The roots of the Manchester Guardian, traced to when John Edward Taylor witnessed the cavalry charges against protesters at St Peter’s Field in Manchester, in 1819, stand in this tradition. He succeeded in publishing his own account before the “official” version could gain currency and, 18 months later, started the newspaper for which I now write.

Almost two centuries later, the right to protest is still a concern for those who seek to defend free speech in the UK. Last week parliamentarians on the Joint Committee on Human Rights considered whether, as protesters and civil liberty groups believe, the state is failing in its obligation to facilitate peaceful protest, and is instead preventing it.

We already know to some extent what the committee thought. Its report into the policing of protest revealed how peaceful protesters must contend with counter-terrorism laws, private injunctions, restrictions to free speech around parliament and a law that allows police to arrest people for insulting words or behaviour.

That report, however, was published on March 23, a week before Ian Tomlinson collapsed and died at the G20 protests after an unprovoked attack by police officers.

Many hardened protesters are annoyed it took last month’s demonstrations in the City of London — and the death of a newspaper vendor who was trying to walk home through police cordons when he was attacked from behind — to make the public realise how far the right to protest and freedom of assembly has been eroded.

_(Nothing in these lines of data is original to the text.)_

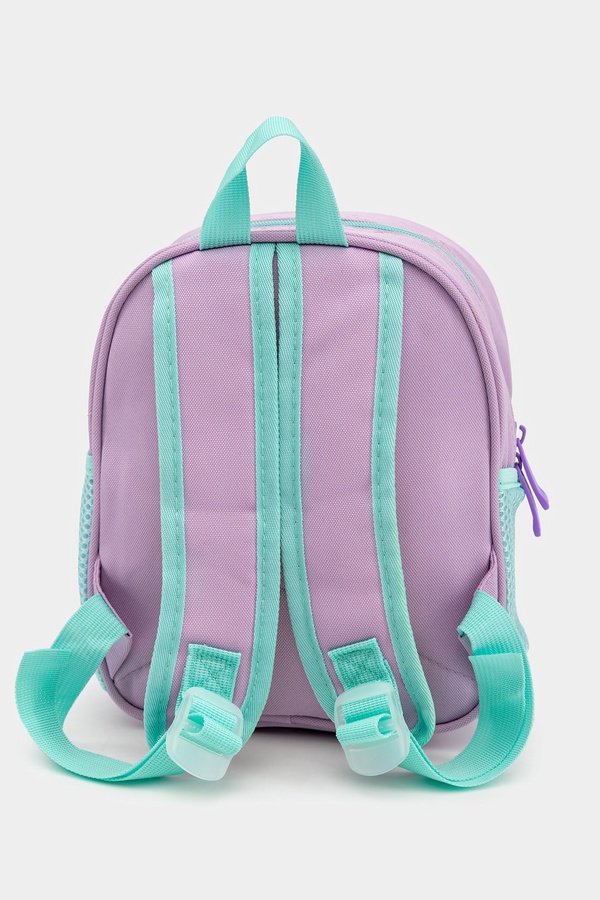 Рюкзак для девочки цвет сиреневый ЦБ-00236786 SKT000952842 фото
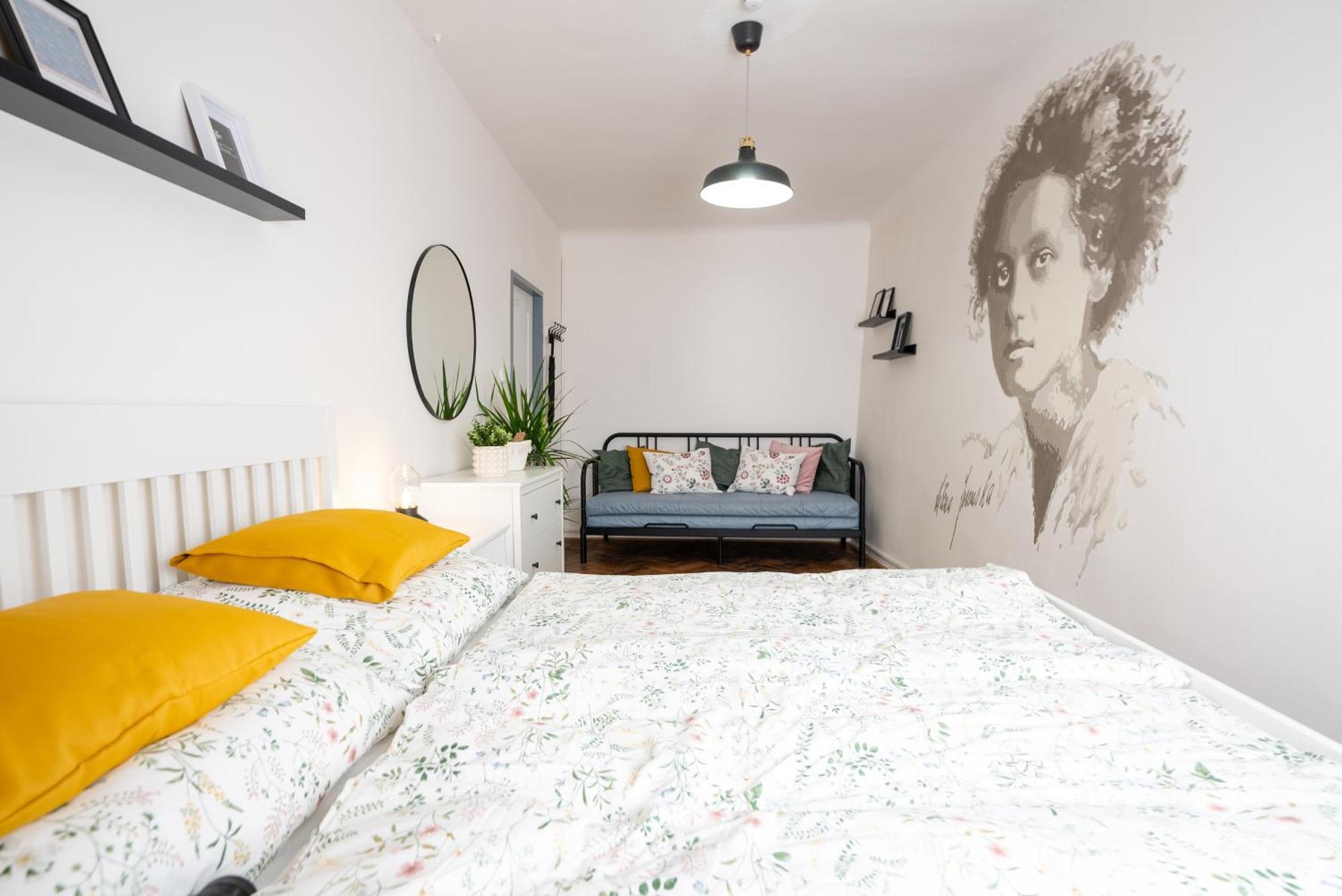 White Wolf House Hostel & Apartments Prague Luaran gambar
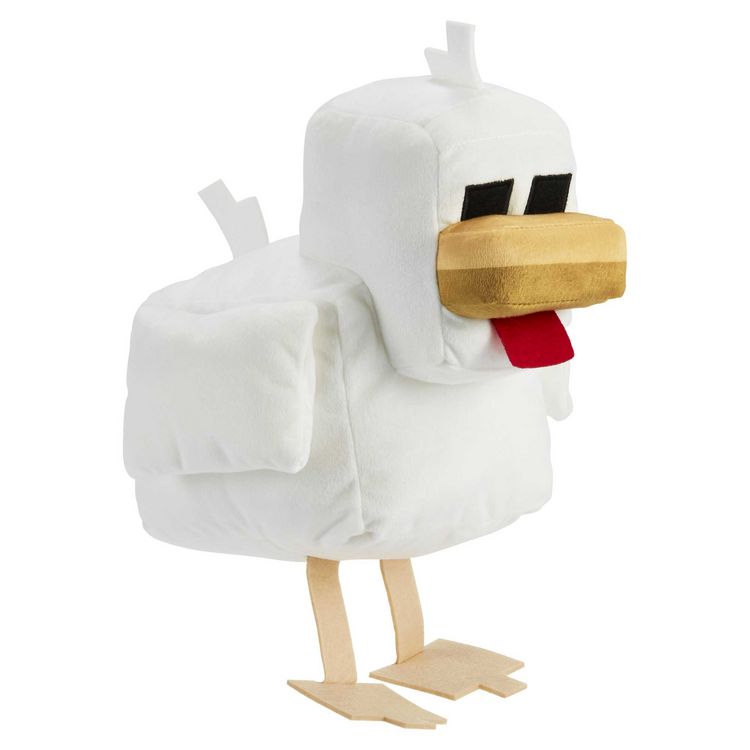 Produktbild: Minecraft 8 Basic Plush Chicken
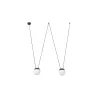 MINE PC SPACE 2L Suspension grise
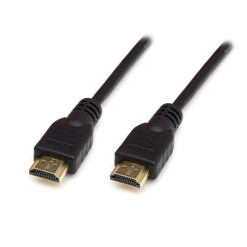 Kábel HDMI-HDMI 0,8m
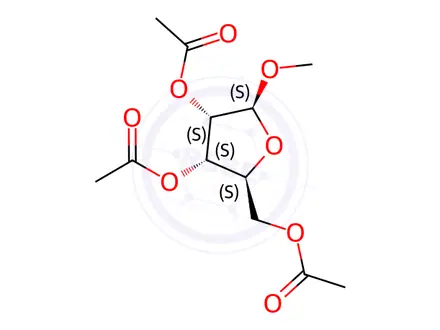 Chemical structure of Maribavir Impurity 66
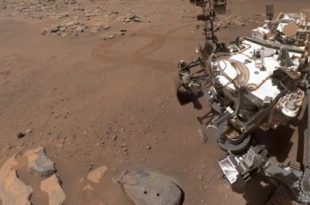 ناسا تعلن "أقوى دليل على الإطلاق" على وجود حياة بالمريخ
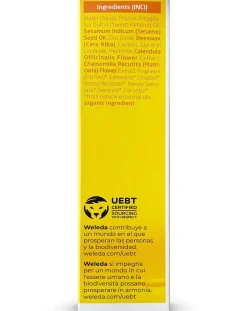 Bambino Weleda – baby crema protettiva calendula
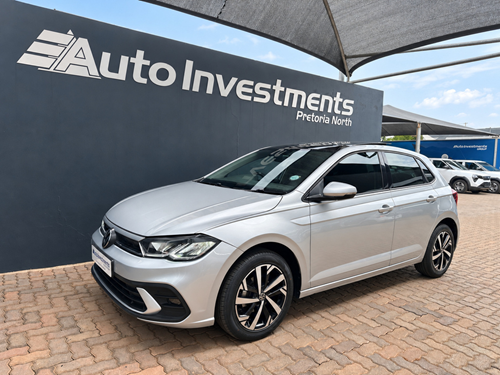 VOLKSWAGEN POLO POLO 1.0 TSI LIFE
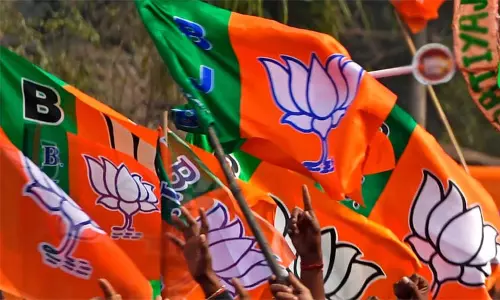 தெலுங்குதேசம், ஒய்.எஸ்.ஆர். கட்சிகளுடன் கூட்டணி கிடையாது - பா.ஜனதா அறிவிப்பு தெலுங்குதேசம், ஒய்.எஸ்.ஆர். கட்சிகளுடன் கூட்டணி கிடையாது - பா.ஜனதா அறிவிப்பு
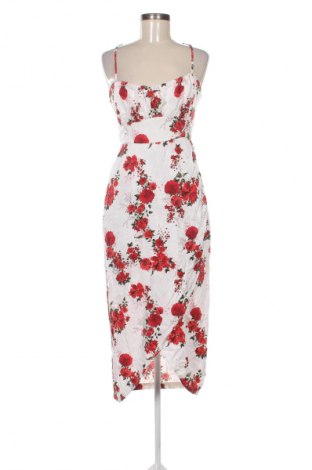 Рокля Mohito, Размер M, Цвят Многоцветен, Цена 37,87 лв.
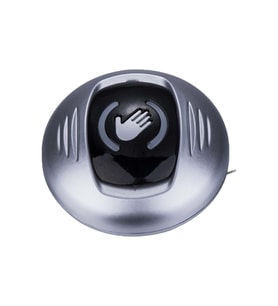 BIFO BT13 TEMAZSSIZ BUTON SIVA ÜSTÜ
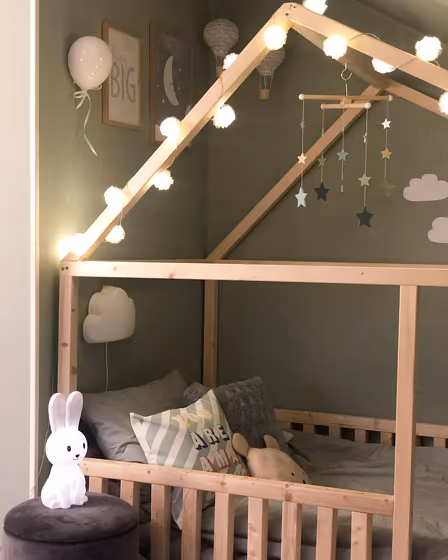 Jotun Treasure children's room review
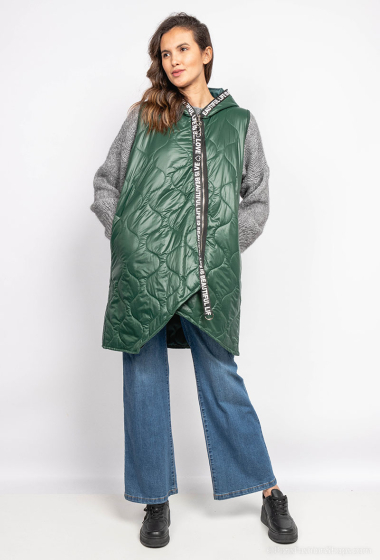 Wholesaler Christelle - Hooded coat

Having endured the mass surveillance of protesters against Israel’s offensive against Gaza and the 10,000 stop and searches at last year’s Kingsnorth climate camp, many protesters viewed the baton charges, police cordons and use of undercover officers at the G20 demonstrations as small fry.

If the public interest of Tomlinson’s tragic death has changed the landscape of protest, it is unlikely to result from the plethora of committee hearings, policing reviews or even the 250 complaints to the Independent Police Complaints Commission.

The Tomlinson case has proved that technology has allowed citizens to place the state under surveillance. The video of the attack on Tomlinson, handed to us by a New York fund manager, prompted a predictable outcry. What was more interesting was the silence that preceded it.

For five days after Tomlinson’s death, we published the stories that questioned police propaganda about the death. There were photographs of Tomlinson lying at the feet of riot police, seconds after being assaulted, statements from witnesses who saw him hit with a baton and flung to the floor.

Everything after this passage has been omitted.